Further evidence for corrective normalization can be found in the administration’s response to the 2015 Healthy Minds Survey. In this survey, without their knowledge, students were given individualized links to the survey and their data was secretly linked to their dorm — an ethical shortcoming for which students never received an apology. Based on this data, which showed Senior House students were disproportionately affected by mental health problems and drug use, the administration chose to close the dorm and force Senior House students to find a new place to call home. In this decision, there is an implicit reasoning, resulting from the over-application of statistical reasoning, that Senior House was not like “normal” (in this case, other) dorms, and that its students would improve if relocated to a more normal environment. A solution that avoids treating students as data points would involve allowing them to take ownership over and solve their own problems. While this is a more difficult option, it is always better, especially in a world that increasingly seeks to understand humanity by the numbers.
These “data-driven” decisions are equally unaccountable to the facts in the effort to end mutual selection. While the DSL claims the data suggests the practice of mutual selection might cause certain students to feel rejected, to imply that the students of East Campus and other mutual selection dorms are lacking in understanding of inclusivity is misleading to say the least. As a resident of EC, I can speak to its radical inclusiveness: it opens up new spaces for all varieties of individuals and has little tolerance for those who express hateful beliefs. The average resident of EC has, in my estimation, a deeply nurtured sense of what inclusion or exclusion means, resulting in a community where those who might otherwise feel excluded can find a home. All of this is not to say it’s inconceivable that EC’s room assignment process could be improved; only that the dorm requires little oversight in its effort to make freshmen feel included.
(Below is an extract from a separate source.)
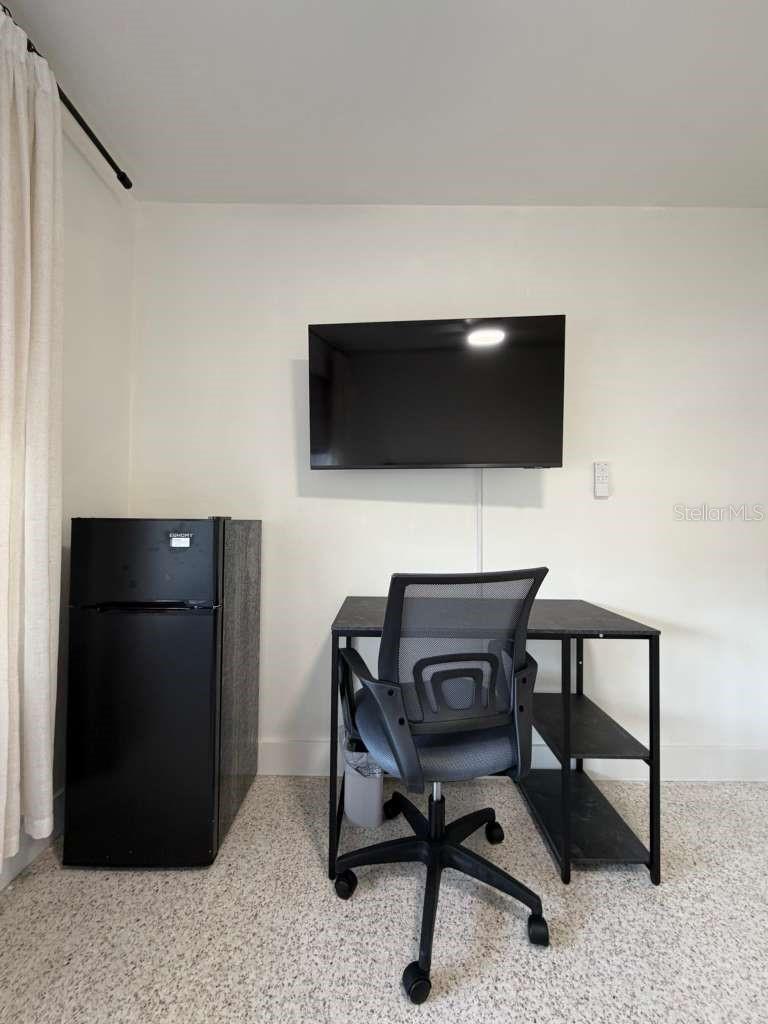 DE SOTO COUNTRY CLUB COLONY - Residential Lease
Burton Conner, East Campus, New House, MacGregor, and what used to be Senior House — the dorms most recently affected by this data-driven approach — all, in their own way, provide spaces for LGBTQ+ individuals, students of color, or low-income students. Decisions that affect these dorms disproportionately affect these groups; changes that affect their support structures — which often do not exist elsewhere and have been built over decades — are a delicate matter. Yet, in the case of the Senior House and New Vassar decisions, residents’ unique demographics went unacknowledged, in spite of students’ repeated appeals.
Moving forward in the room assignment design exercise and the construction of New Vassar, it is imperative that the DSL’s decisions will not neglect the heterogeneity of the students they are meant to serve. The DSL must proceed with an awareness of the rift between supposed student survey data and actual student sentiment — an approach that requires nuance, flexibility and openness to the varieties of student experience. They must contend with the fact that our students’ unique experiences provide them with access to correspondingly unique solutions, and allow students, not their data, to determine what constitutes a solution. Merely shifting individuals towards the DSL’s definition of the norm is a disservice to the diversity of our community. It denies and cuts off at the root the innovative solutions students will adopt when permitted. Conversely, the creation of a highly intentional, adaptable space will drive the innovative spirit we seek to nourish.
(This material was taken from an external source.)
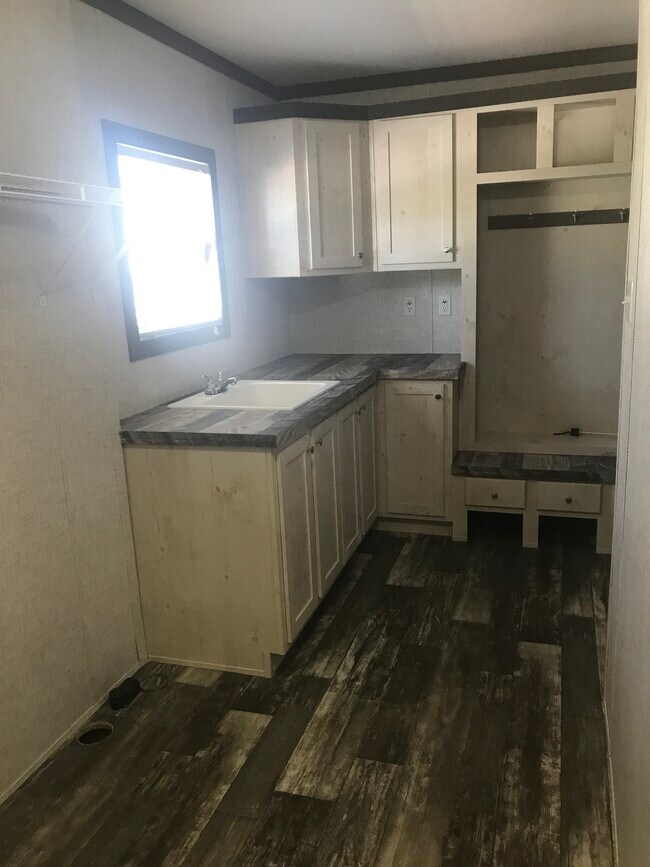 Building Photo - 50 Cinnamon Ln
Likewise, students have a choice to make: they can, in spite of the failed attempts that precede them, continue to act in good faith and cooperation with the DSL, or they can realize that merely sharing preferences with them will not make their experiences count. Data alone will never capture the diversity of student experience in its richness. To allow an illusion to the contrary to persist is to risk seeing that richness siphoned away.
Jessica Adams is a member of the Class of 2019 studying literature, a previous resident of Senior House, and a current resident of East Campus.